» DIRECTIONS
Nothing but the lines below from the one that contains "Immunocytochemistry/Immunofluorescence: MESDC2 Antibody" through the one that contains "48-6 COVID Pericardial Effusion Fig 1.png" should be retyped, exactly and including both ends. Do not include pictures.

» GIVEN RECORDS
+++

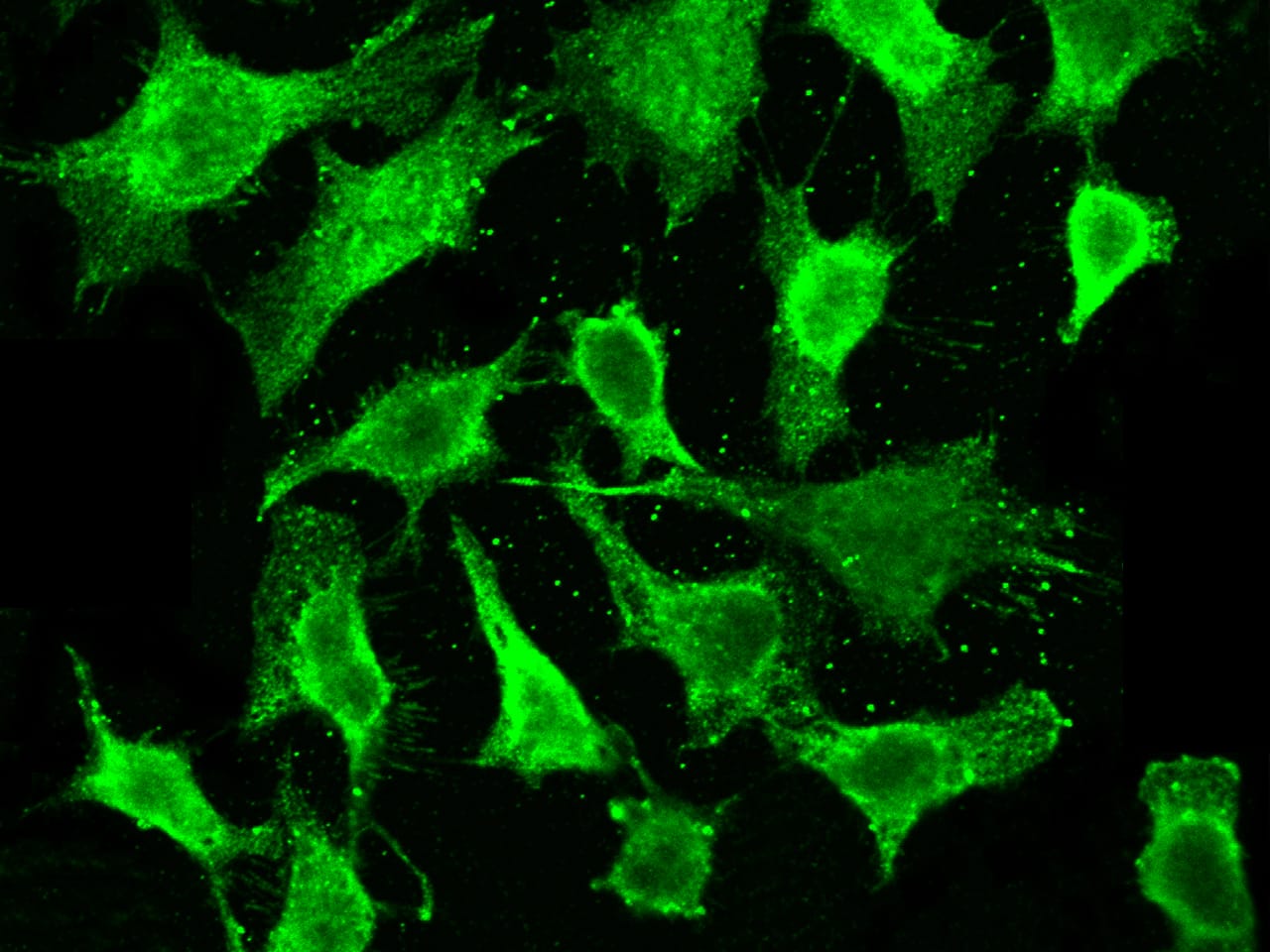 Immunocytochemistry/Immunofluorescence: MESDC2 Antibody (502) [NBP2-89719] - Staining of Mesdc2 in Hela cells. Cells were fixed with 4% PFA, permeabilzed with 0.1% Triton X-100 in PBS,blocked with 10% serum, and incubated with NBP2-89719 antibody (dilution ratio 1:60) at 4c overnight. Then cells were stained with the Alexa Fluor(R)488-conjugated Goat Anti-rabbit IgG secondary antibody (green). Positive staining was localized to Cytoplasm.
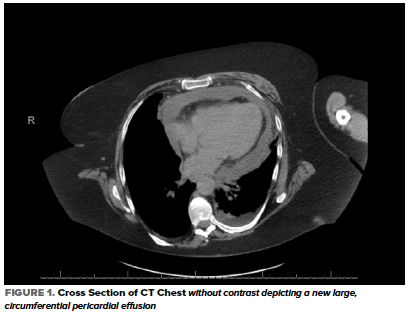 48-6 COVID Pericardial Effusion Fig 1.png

+++

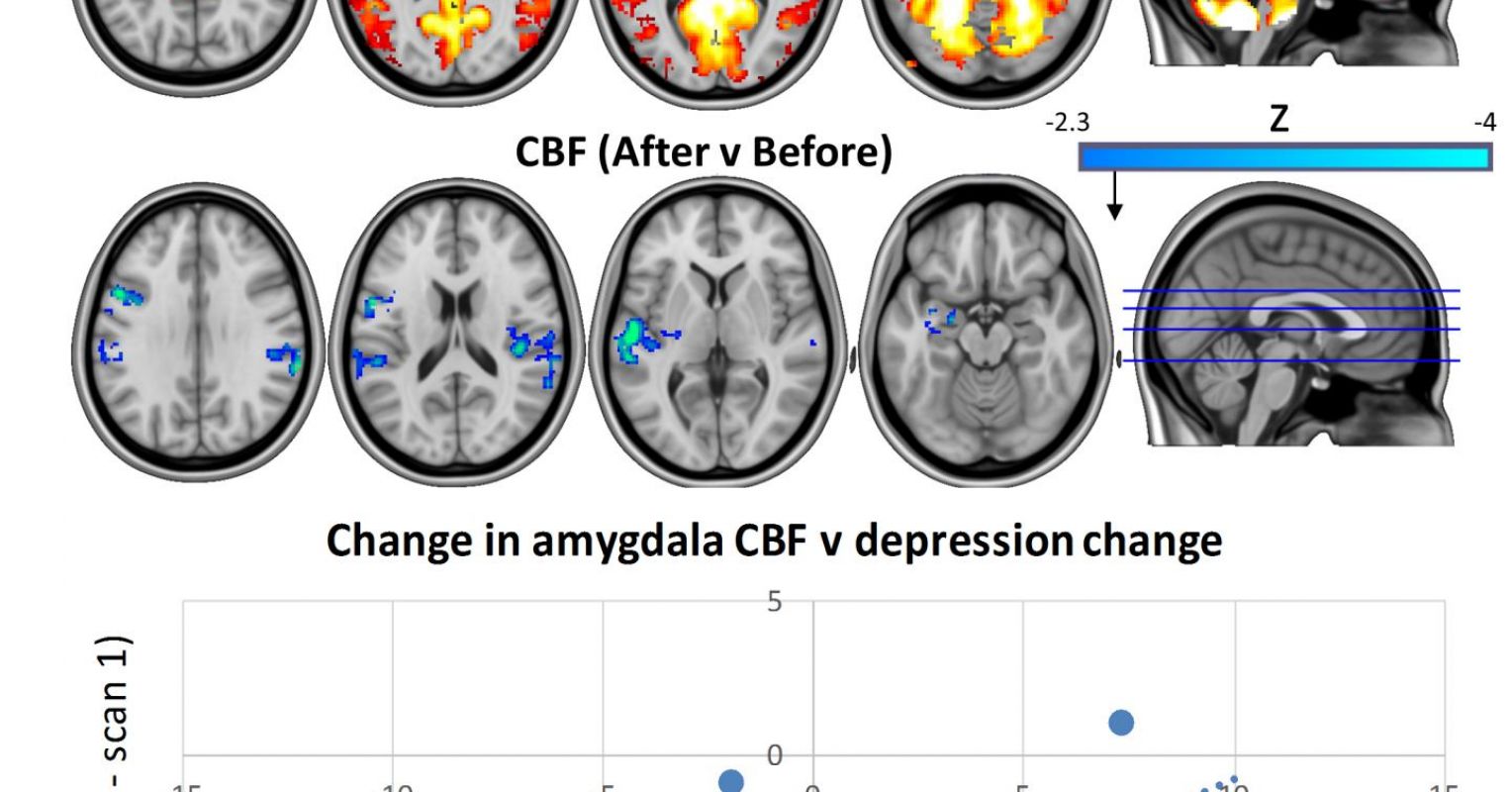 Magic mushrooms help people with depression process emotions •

+++

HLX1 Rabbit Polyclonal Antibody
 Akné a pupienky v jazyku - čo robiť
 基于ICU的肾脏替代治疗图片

+++

» SOLUTION TO THIS PROBLEM
 Immunocytochemistry/Immunofluorescence: MESDC2 Antibody (502) [NBP2-89719] - Staining of Mesdc2 in Hela cells. Cells were fixed with 4% PFA, permeabilzed with 0.1% Triton X-100 in PBS,blocked with 10% serum, and incubated with NBP2-89719 antibody (dilution ratio 1:60) at 4c overnight. Then cells were stained with the Alexa Fluor(R)488-conjugated Goat Anti-rabbit IgG secondary antibody (green). Positive staining was localized to Cytoplasm.
 48-6 COVID Pericardial Effusion Fig 1.png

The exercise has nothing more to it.